Lattice Boltzmann method for conjugate heat and mass transfer with interfacial jump conditions

In this work we propose an interface treatment for conjugate heat and mass transfer with discontinuities or jumps of temperature (concentration) and/or heat (mass) flux at the interface using the lattice Boltzmann equation (LBE) method. The present interface treatment is based on the second-order accurate boundary condition treatments for Dirichlet and Neumann problems (Li et al., 2013) and second-order accurate interface treatment for standard conjugate heat and mass transfer with the continuity of temperature (concentration) and flux at the interface (Li et al., 2014). The interfacial jump conditions are intrinsically satisfied in the present treatment without iterative computations that are typically needed in conventional finite-difference or finite-volume methods. The interfacial temperature (concentration) values and the fluxes into the adjacent domains are conveniently obtained from the microscopic distribution functions in the LBE model without finite-difference approximations.
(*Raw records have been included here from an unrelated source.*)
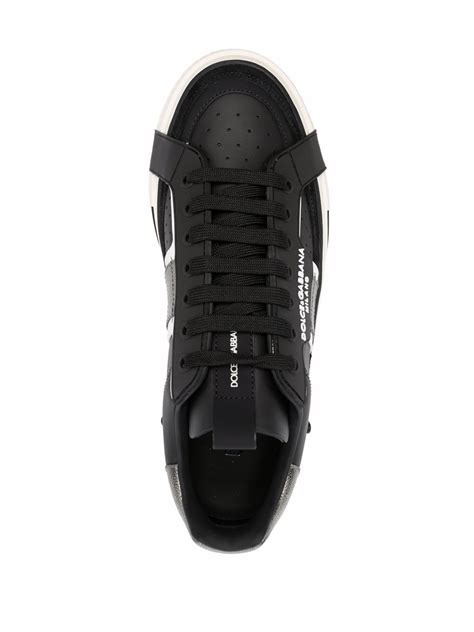 Dolce And Gabbana Tenis Bajos Ns1 Negro Farfetch Mx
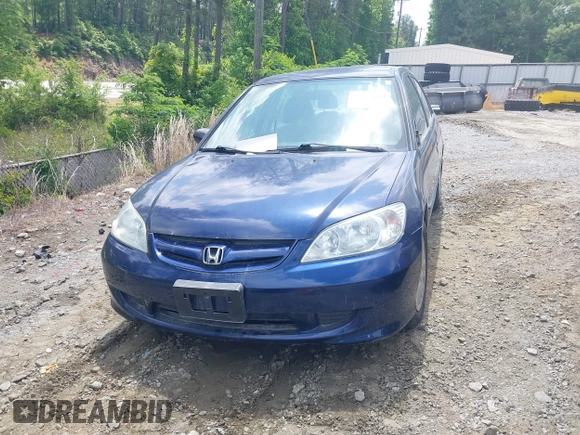 2004 Honda Civic LX with VIN 2HGES15564H516764, listed as a IAAI auction lot 42191844 with 107,000 mi miles and . Bid and sale history available at DreamBid. Image 6.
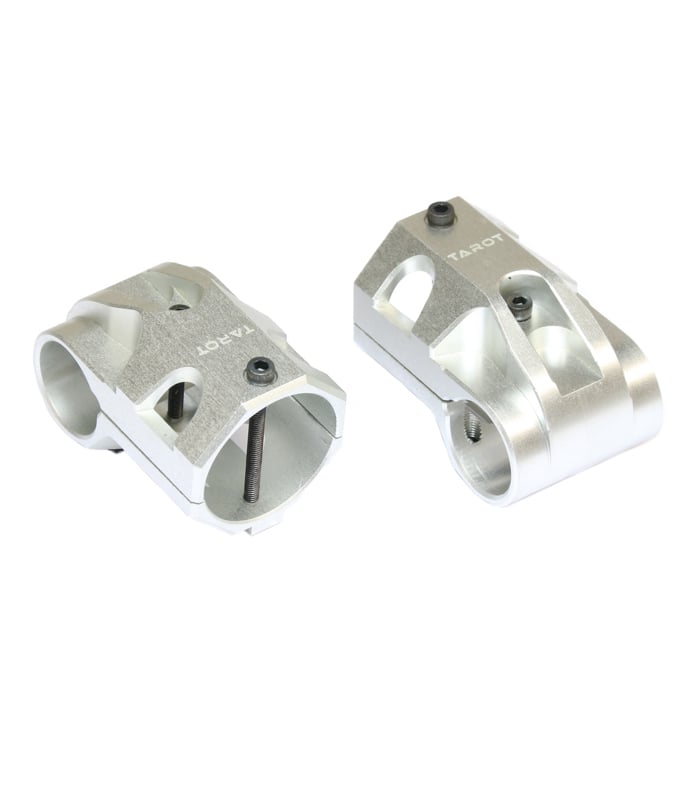 Tarot 25mm/16mm Aluminium Landing Skid T Piece Pair TL96035
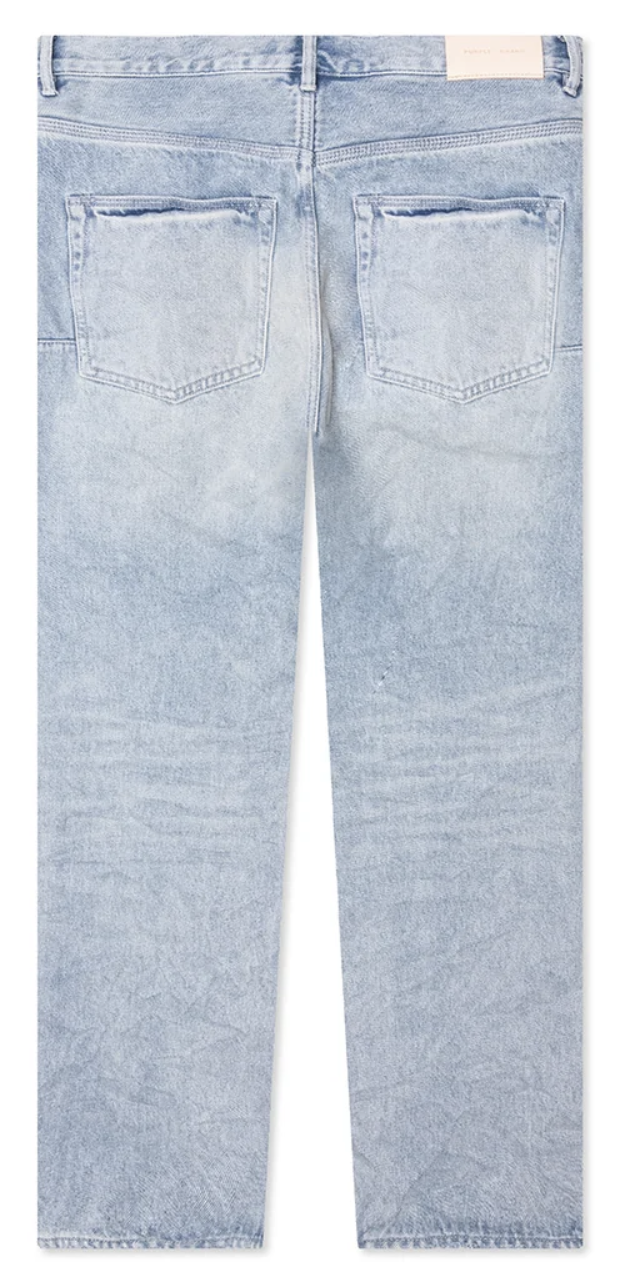 Purple P018 Baggy Worn "Light Indigo"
Since the local intersection link fraction is included in the present treatment, the interfacial geometry is preserved and the present interface schemes are capable of handling curved interfaces. The numerical accuracy and convergence of the present interface schemes are verified with several numerical tests, including (i) one-dimensional (1D) steady diffusion within a two-solid slab; the slab is either aligned with the lattice velocity vector or with an inclination angle, (ii) 2D steady diffusion in a circular domain of two concentric solids, (iii) 3D steady diffusion in a spherical domain of two concentric solids, and (iv) 2D steady convection-diffusion in a channel. The two adjacent domains have different thermal (mass) transport properties and specific temperature (concentration) and flux jump conditions are imposed at the interface in each of those tests. It is verified that the present interface treatment for jump conditions does not introduce additional errors compared to the case without jumps; and second-order accuracy in space is obtained for the interior temperature (concentration) field, the interfacial temperature (concentration) values and interfacial fluxes for straight interfaces aligned with the lattice velocity vector in both diffusion and convection-diffusion problems. The effects of inclined and curved interfacial geometry on the order-of-accuracy of the LBE results are also investigated and the results are compared with previous findings.